**INSTRUCTIONS TO FOLLOW**.
Exactly reproduce the lines from the one holding "68 S Howells" through the end of the records, including both boundary lines but no pictures.

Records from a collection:
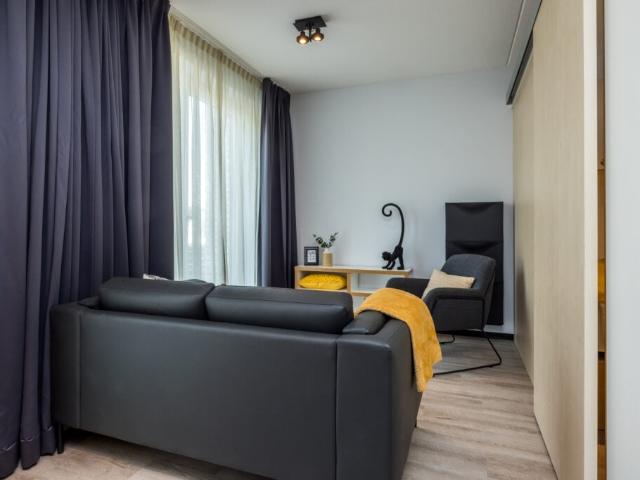 Appartement te huur in Wippolder, Delft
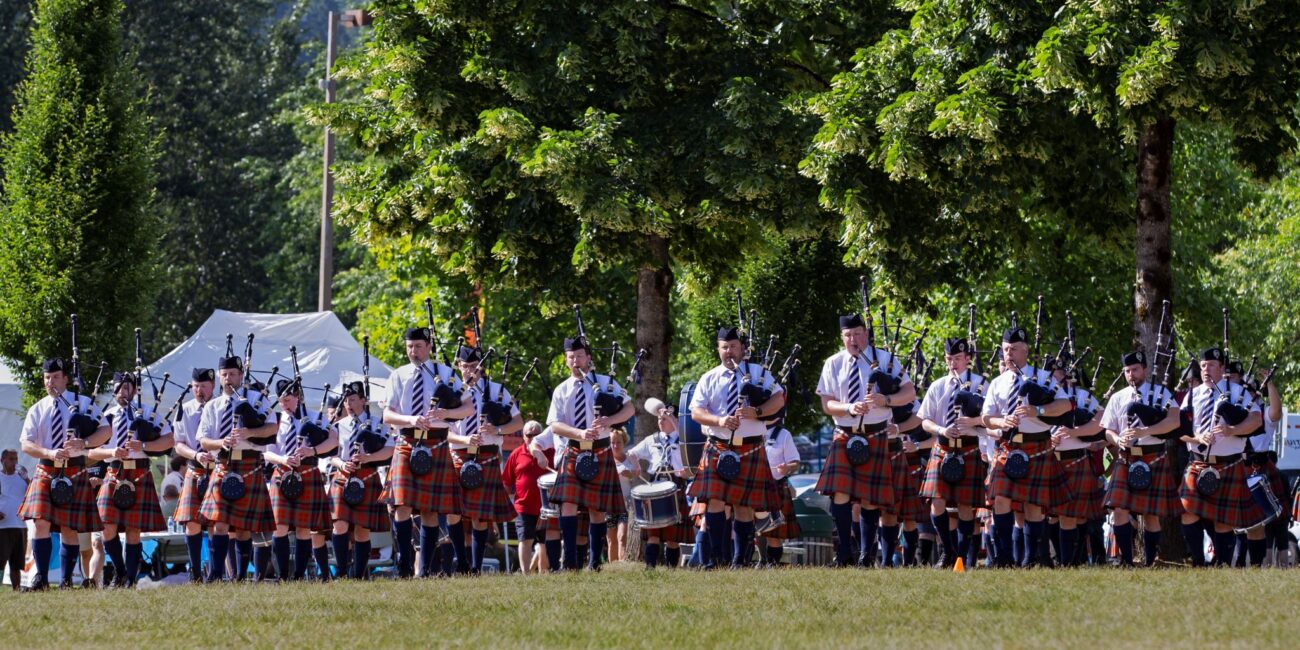 Details about   IHDA/western canada open/highland games/Pin 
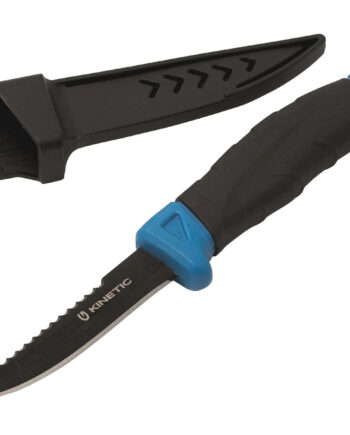 Kinetic Fiskekniv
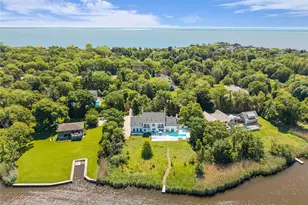 68 S Howells Point Rd, Bellport, NY 11713 - Photo 2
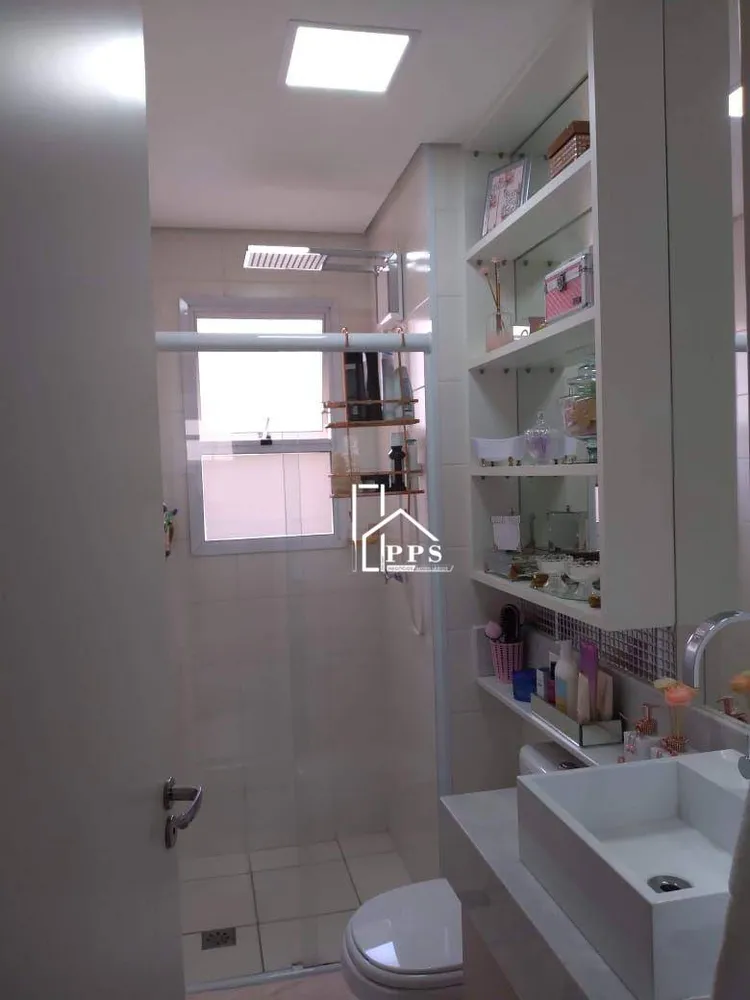 Apartamento, 2 quartos, 51 m² - Foto 8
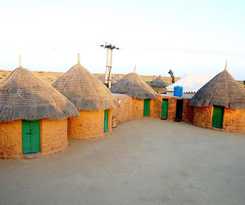 Yokoso Thar Desert Safari and Camp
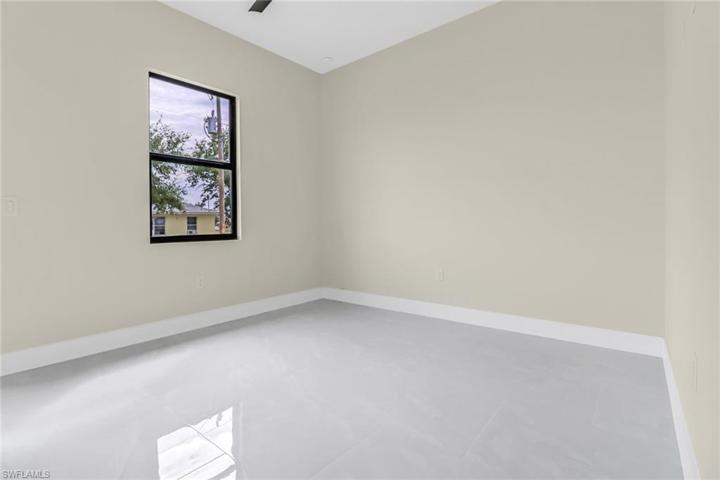 Guest Bedroom One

**ANSWER BELOW**.
 68 S Howells Point Rd, Bellport, NY 11713 - Photo 2
 Apartamento, 2 quartos, 51 m² - Foto 8
 Yokoso Thar Desert Safari and Camp
 Guest Bedroom One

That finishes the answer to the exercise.